- About this exercise -
The entries below must be copied exactly as they are.

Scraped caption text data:

*-*-*

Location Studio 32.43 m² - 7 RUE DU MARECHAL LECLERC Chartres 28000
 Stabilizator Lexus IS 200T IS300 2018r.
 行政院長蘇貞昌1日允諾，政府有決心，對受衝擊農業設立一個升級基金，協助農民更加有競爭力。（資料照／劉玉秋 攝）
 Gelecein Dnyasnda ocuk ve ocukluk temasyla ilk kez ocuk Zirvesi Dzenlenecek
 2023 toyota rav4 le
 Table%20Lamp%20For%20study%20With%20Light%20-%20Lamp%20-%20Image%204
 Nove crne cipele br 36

*-*-*

- Solved problem -
Location Studio 32.43 m² - 7 RUE DU MARECHAL LECLERC Chartres 28000
 Stabilizator Lexus IS 200T IS300 2018r.
 行政院長蘇貞昌1日允諾，政府有決心，對受衝擊農業設立一個升級基金，協助農民更加有競爭力。（資料照／劉玉秋 攝）
 Gelecein Dnyasnda ocuk ve ocukluk temasyla ilk kez ocuk Zirvesi Dzenlenecek
 2023 toyota rav4 le
 Table%20Lamp%20For%20study%20With%20Light%20-%20Lamp%20-%20Image%204
 Nove crne cipele br 36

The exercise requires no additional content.